Le problème se pose en des termes différents selon qu’un texte organise la légalité de crise ou que, dans le silence des textes, c’est la jurisprudence qui met en œuvre la théorie des circonstances exceptionnelles qui légitime le recours à des moyens qui, en période ordinaire, seraient illicites.
Il convient, à cet égard, de faire observer que la légalité de crise est l’hypothèse où il est le plus facile d’admettre des atténuations au principe de légalité puisque celles-ci ont été expressément prévues et organisées par le constituant ou le législateur.
Cette situation se produit dans trois hypothèse : l’application de l’article 52 de la Constitution à travers les pouvoirs exceptionnels du Président de la République, l’application de l’article 69 de la Constitution relative à l’état de siège et à l’état d’urgence.
Deux conditions sont posées quant à l’utilisation des pouvoirs exceptionnels. Il peut s’agir d’une menace grave et immédiate pour les institutions, l’indépendance nationale, l’intégrité du territoire ou l’exécution des engagements internationaux.
Il peut survenir en cas d’une interruption du fonctionnement régulier des pouvoirs publics. Quant à l’état de siège, il est proclamé en cas de péril imminent pour la sécurité intérieure et extérieure de l’Etat.
Dans la présente réflexion, les deux premiers cas sont écartés. Notre attention sera retenue par l’état d’urgence. L’article 69 de la Constitution du 22 janvier 2001 dispose que l’état d’urgence est décrété par le Président de la République. A ce titre, l’Assemblée nationale se réunit alors de plein droit, si elle n’est pas en session. Ainsi, le décret proclamant l’état d’urgence cesse d’être en vigueur après douze jours, à moins que l’Assemblée nationale, saisie par le Président de la République, n’en ait autorisé la prorogation.

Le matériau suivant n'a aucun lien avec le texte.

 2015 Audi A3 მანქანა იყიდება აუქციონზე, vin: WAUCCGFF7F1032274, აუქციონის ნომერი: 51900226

Le constituant précise, également, qu’il appartient au législateur de fixer ses modalités d’application. L’article 2 de la loi n° 69-29 relative à l’état d’urgence et de siège énumère les cas dans lesquels l’état d’urgence peut être proclamé. Il s’agit des situations ci-après :
- péril résultant d’atteintes graves à l’ordre public ;
- menées subversives compromettant la sécurité intérieure ;
- évènements présentant le caractère de calamité publique.

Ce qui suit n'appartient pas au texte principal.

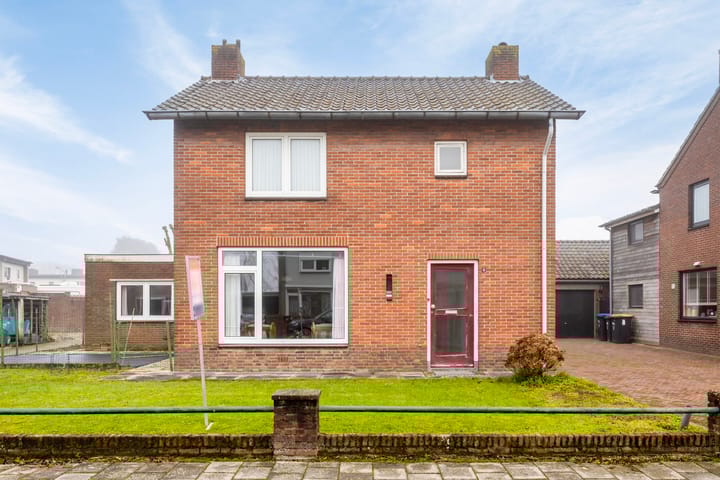 Foto 1 van Wethouder van Beuningenstraat 8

Le contexte dans lequel nous nous trouvons est relatif à celui de calamité publique, sur tout ou partie du territoire. Ainsi donc, peut-on parler état d’urgence sanitaire.
Devant cette situation, les autorités administratives peuvent être dispensées de respecter la légalité. Les règles de compétence peuvent être outrepassées. Il en va de même de règles de forme et de procédure et surtout des règles de fond.
Il se donne à lire que les mesures prises en application de l’état d’urgence constituent des actes de police administrative. Elles sont par conséquent susceptibles d’être soumises au contrôle de légalité du juge administratif. En outre, l’exécution des décisions prises par les autorités administratives compétentes sont susceptibles de faire l’objet des procédures de référé (procédure prévue par les articles 83 et suivants de la loi organique de 2017 sur la Cour suprême). C’est dans ce sens qu’il faut comprendre la saisine en urgence du Conseil d’Etat Français par le Syndicat jeunes médecins demandant le confinement total (saisi par le syndicat Jeunes Médecins, le juge des référés du Conseil d’Etat refuse d’ordonner le confinement total de la population. Il enjoint néanmoins au Gouvernement de préciser la portée ou de réexaminer certaines des dérogations au confinement aujourd’hui en vigueur).
Au total, il convient de noter que l’état d’urgence est un des régimes spéciaux permettant de faire face aux événements les plus critiques.